Jakarta, CNN Indonesia -- Presiden Donald Trump kembali menyerang kredibilitas pembocor rahasia atau whistleblower dan menyebut investigasi pemakzulan terhadapnya sebagai upaya penipuan terhadap orang-orang Amerika. Trump melontarkan pernyataan itu melalui twitter pada Sabtu (5/10) pagi.

Tweet itu tak berbeda jauh dengan pernyataan Trump selama beberapa hari terakhir untuk membela panggilan teleponnya dengan Presiden Ukraina Volodymyr Zelensky.

"Apa yang disebut akun Whistleblower tentang panggilan teleponku yang sempurna adalah 'jauh,' bahkan tidak dekat. Schiff dan Pelosi tidak pernah berpikir aku akan merilis transkrip panggilan itu. Membuat mereka terkejut, mereka tertangkap. Ini adalah penipuan terhadap orang-orang Amerika! " kata Trump, dikutip dari CNN.com.


Inspektur Jenderal Komunitas Intelijen Michael Atkinson yang mengatakan bahwa kantornya telah membenarkan beberapa informasi yang diberikan oleh pelapor. Teks-teks yang diserahkan oleh Kurt Volker, mantan utusan khusus AS ke Ukraina, juga telah menguatkan beberapa informasi dari pelapor.
Sementara itu, sebuah survei terbaru dari Gallup minggu ini menemukan bahwa Trump semakin tidak disukai warga AS. Hal itu terlihat dari angka persetujuan terhadap Trump saat ini hanya 40 persen, dan yang tidak setuju mencapai 56 persen.
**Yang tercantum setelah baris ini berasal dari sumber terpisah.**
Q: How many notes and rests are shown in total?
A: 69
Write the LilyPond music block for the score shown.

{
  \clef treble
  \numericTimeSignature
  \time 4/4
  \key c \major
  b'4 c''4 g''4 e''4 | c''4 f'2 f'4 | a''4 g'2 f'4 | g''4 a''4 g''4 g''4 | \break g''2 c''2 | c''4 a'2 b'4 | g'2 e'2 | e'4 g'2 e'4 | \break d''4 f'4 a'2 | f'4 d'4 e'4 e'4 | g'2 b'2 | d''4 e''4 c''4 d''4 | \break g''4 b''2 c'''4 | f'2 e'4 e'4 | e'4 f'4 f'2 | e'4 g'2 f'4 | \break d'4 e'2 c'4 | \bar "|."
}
Dengan survei ini, Trump dalam kondisi yang lebih buruk dibanding awal September, ketika Gallup menempatkan angka persetujuannya di 43 persen dan angka ketidaksetujuannya di 54 persen.

Trump, pada titik ini, belum memperbaiki posisinya setelah penyelidikan pemakzulan. Jika ada perubahan, angkanya justru menurun.
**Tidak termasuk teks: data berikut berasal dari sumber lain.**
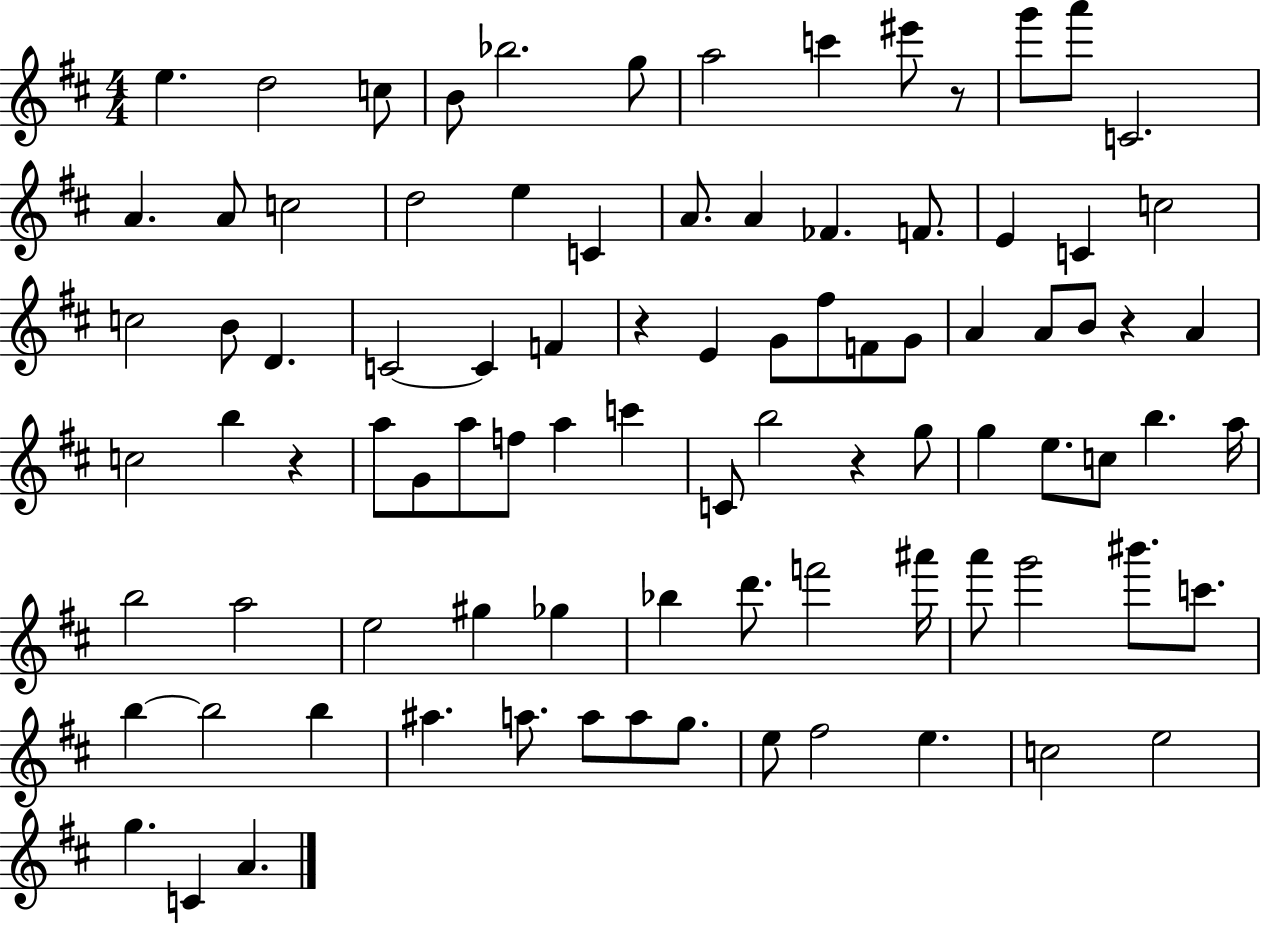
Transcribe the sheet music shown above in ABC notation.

X:1
T:Untitled
M:4/4
L:1/4
K:D
e d2 c/2 B/2 _b2 g/2 a2 c' ^e'/2 z/2 g'/2 a'/2 C2 A A/2 c2 d2 e C A/2 A _F F/2 E C c2 c2 B/2 D C2 C F z E G/2 ^f/2 F/2 G/2 A A/2 B/2 z A c2 b z a/2 G/2 a/2 f/2 a c' C/2 b2 z g/2 g e/2 c/2 b a/4 b2 a2 e2 ^g _g _b d'/2 f'2 ^a'/4 a'/2 g'2 ^b'/2 c'/2 b b2 b ^a a/2 a/2 a/2 g/2 e/2 ^f2 e c2 e2 g C A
Ketika diambil rata-rata jajak pendapat, persetujuan Trump telah menurun dari sekitar 44 persen menjadi sekitar 42 persen. Peringkat ketidaksetujuannya naik dari sekitar 53 persen menjadi 54 persen.
[Gambas:Video CNN]
Diketahui Dewan Perwakilan sudah memulai proses penyelidikan pemakzulan terhadap Trump melalui Komite Intelijen.
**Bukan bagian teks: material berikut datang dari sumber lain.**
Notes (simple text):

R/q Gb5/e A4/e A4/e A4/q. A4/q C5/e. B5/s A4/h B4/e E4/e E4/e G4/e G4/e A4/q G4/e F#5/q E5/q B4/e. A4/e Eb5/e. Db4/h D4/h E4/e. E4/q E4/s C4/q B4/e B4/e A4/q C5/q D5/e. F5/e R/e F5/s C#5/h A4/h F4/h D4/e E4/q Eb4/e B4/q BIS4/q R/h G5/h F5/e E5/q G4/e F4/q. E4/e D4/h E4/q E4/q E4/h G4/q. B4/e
Jika nantinya Trump diyakini melakukan pengkhianatan, suap, atau kejahatan tingkat tinggi dan pelanggaran ringan berdasarkan konstitusi AS, Dewan Perwakilan AS dapat langsung melanjutkan proses pemakzulan.
Jalan panjang menuju pemakzulan pun dimulai. Pertama, Dewan Perwakilan harus menyerahkan bukti pelanggaran Trump kepada komite yang sudah ditunjuk sebelumnya.

Komite tersebut lantas akan mempelajari bukti tersebut dan menjalankan penyelidikan lebih lanjut. Jika bukti tersebut kuat, komite akan menyusun pasal-pasal pemakzulan yang sebenarnya setara dengan tuntutan kriminal di ranah politik. (CNN/osc)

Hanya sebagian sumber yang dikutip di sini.